Dunque, manco a dirlo, Gramsci scelse la seconda strada e si diede al giornalismo, sua altra grande passione fin dal liceo Dettori, tant’è che il suo professore Raffa Garzia, ch’era anche direttore de L’Unione sarda, intuendone le doti giornalistiche, lo nominò corrispondente da Aidomaggiore, pesino non lontano da Ghliarza, ed egli pordusse come suo primo articolo quel gioiellino che abbiamo già pubblicato. Gramsci esordì nel giornalismo torinese il 13 novembre del 1915 su Il Grido del Popolo. Il suo articolo aveva ad oggetto un incontro fra delegati dei partiti socialisti europei avvenuto in Svizzera. Successivamente, la sua attività di giornalista divenne professionale, e dai primi mesi del 1916 trascorreva gran le sue giornate all’ultimo piano nel palazzo dell’Alleanza Cooperativa Torinese dove, in tre stanze, si trovavano la sezione giovanile del Partito socialista e le redazioni de Il Grido del Popolo e del foglio piemontese dell’Avanti! con la rubrica Sotto la Mole che si occupava della cronaca torinese. La redazione de l’Avanti! era formata dall’impiegato alle ferrovie Ottavio Pastore, l’eccentrico ex cameriere Leo Galetto e  lui, Antonio Gramsci. Tre in tutto, pochini. Il direttore era Giuseppe Bianchi, ex tipografo proveniente da Il Secolo Nuovo di Venezia. Bianchi diresse anche Il Grido del Popolo fino al 1º maggio del 1916 quando partì per il fronte.
Con una redazione così ristretta Gramsci pubblicò di tutto, assecondando le sue propensioni manifestate fin dal periodo cagliaritano. Non c’erano solo i commenti sulla situazione interna ed estera agli interventi sulla vita di partito, la polemica politica, c’erano anche le note di costume,  le recensioni letterarie e la critica teatrale. In particolare si occupò deli un’altra sua grande passione, il teatro, legato alla vita sociale. La critica teatrale non era rivolta a una élite, ma era uno degli strumenti di crescita e maturazione culturale delle classi subalterne e del proletariato,. Gramsci fu pertanto un “critico militante”, avendo come riferimento De Sanctis piuttosto che Benedetto Croce secondo cui il teatro era una “sottospecie di oratoria di intrattenimento”, cui tendeva anche l’industria dello spettacolo, con rappresentazioni di opere di carattere leggero e spesso, peggio, frivolo come l’operetta e il varietà, a discapito di commedie e drammi con contenuto sociale.

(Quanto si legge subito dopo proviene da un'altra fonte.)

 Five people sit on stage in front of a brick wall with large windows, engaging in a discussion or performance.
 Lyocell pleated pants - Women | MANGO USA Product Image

Mentre Gramsci era in queste facende affacendato, nel febbraio-marzo del 1917, in Russia succedevano cose eccezionali, ben più intressanti della Rivoluzione del 1905. Gramsci si butta a capofitto in quelle vicende, cercando di sapere, di capire e di far capire nella prospettiva di un salto rovoluzionario anche in Italia. Ma questa è un’altra storia.